あの広間に集まっていたテロリストの”同志”達は何故、腕を突き上げ時の声をあげたというのだろう?
傍らでまた笑みを弾けさせた彼女もまた”同志”の一人であることに変わりはないのだろうか?
彼が身体をよろけさせる。
もう倒れてしまうのではないかというような……。
それは何故か、何かを思い出させてくる。
――僕を、そう、……ここで終わりなんてことはあるまい?
それが銃弾で躊躇無く人を殺したお前なのか?
凝乎と彼を見る。
かわいいと、かわいいと言ったことがあった。
無力な彼を、何も出来はしない彼を、いやあの男達に対してそう言った、性的な欲望に支配されていたらしい男達に、あるいは自分の強さを周囲に誇示したいらしい男達に……。
どうして男は雄なのだろう?
雄としてしか振舞えない、どうしてもその範域を出はしない。
春が来れば盛り、夏が来れば水着姿の女性を求め海へと出向き、冬を前にしては恋人がいないと焦り、いざいなければ友達と騒ぐことに何らかの意味を見出そうとする、そういった愚かなもの、どうしてもその範域を抜け出ることが出来ないもの。

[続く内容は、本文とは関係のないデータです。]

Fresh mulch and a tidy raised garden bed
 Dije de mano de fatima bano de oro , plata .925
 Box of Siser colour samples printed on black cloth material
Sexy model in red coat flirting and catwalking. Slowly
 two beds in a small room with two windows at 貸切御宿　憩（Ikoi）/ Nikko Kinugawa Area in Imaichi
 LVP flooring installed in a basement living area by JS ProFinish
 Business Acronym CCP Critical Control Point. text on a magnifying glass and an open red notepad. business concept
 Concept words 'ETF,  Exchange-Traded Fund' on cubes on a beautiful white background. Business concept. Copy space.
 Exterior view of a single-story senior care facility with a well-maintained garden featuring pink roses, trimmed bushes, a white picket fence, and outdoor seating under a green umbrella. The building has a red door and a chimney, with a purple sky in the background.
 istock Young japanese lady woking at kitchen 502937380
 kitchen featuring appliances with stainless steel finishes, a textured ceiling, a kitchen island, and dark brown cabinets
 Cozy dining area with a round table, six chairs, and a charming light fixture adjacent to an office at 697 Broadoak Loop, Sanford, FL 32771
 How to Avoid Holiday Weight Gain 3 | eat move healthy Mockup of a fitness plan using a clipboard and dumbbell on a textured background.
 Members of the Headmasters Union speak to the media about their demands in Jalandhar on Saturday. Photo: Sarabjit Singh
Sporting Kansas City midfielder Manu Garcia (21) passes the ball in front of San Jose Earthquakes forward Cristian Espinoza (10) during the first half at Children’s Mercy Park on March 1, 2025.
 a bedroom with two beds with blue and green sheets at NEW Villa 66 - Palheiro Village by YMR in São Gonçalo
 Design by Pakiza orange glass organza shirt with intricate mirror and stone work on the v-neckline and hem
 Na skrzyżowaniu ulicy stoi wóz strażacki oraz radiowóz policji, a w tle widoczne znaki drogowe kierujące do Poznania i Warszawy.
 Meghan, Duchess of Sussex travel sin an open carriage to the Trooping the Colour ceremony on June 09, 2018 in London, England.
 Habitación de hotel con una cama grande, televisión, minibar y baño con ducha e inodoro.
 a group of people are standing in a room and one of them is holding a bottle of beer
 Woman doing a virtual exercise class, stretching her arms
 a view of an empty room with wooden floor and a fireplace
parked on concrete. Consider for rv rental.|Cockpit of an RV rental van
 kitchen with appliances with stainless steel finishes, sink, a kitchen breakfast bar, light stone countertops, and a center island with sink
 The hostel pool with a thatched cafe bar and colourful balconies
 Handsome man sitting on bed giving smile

可愛い女子を前にしては態度を変えて優しげに振舞い、若しくは正義の味方を気取り、善人振ろうとし、あるいはいつもカッコよさを求めようとし、それ以外の場合には興味などまるでないといった態度をする者共。
中学時代か高校時代、ワックスを付けたり、AXEのボディスプレーを撒き散らしたり、髪を染めたり、無駄に運動を頑張ったりする、そういうところが……、どうして似たようなことしかしないのだろう、集団的に動こうとするのだろう、それがどこか不快だった。
女子達は何故、男子達をグループ単位で見ていたのだろう、ある男子が好きになるというよりは、ある男子達といった、まとまりの一つとして見ていたのだろう、そうして、それを見越して動いていた彼ら。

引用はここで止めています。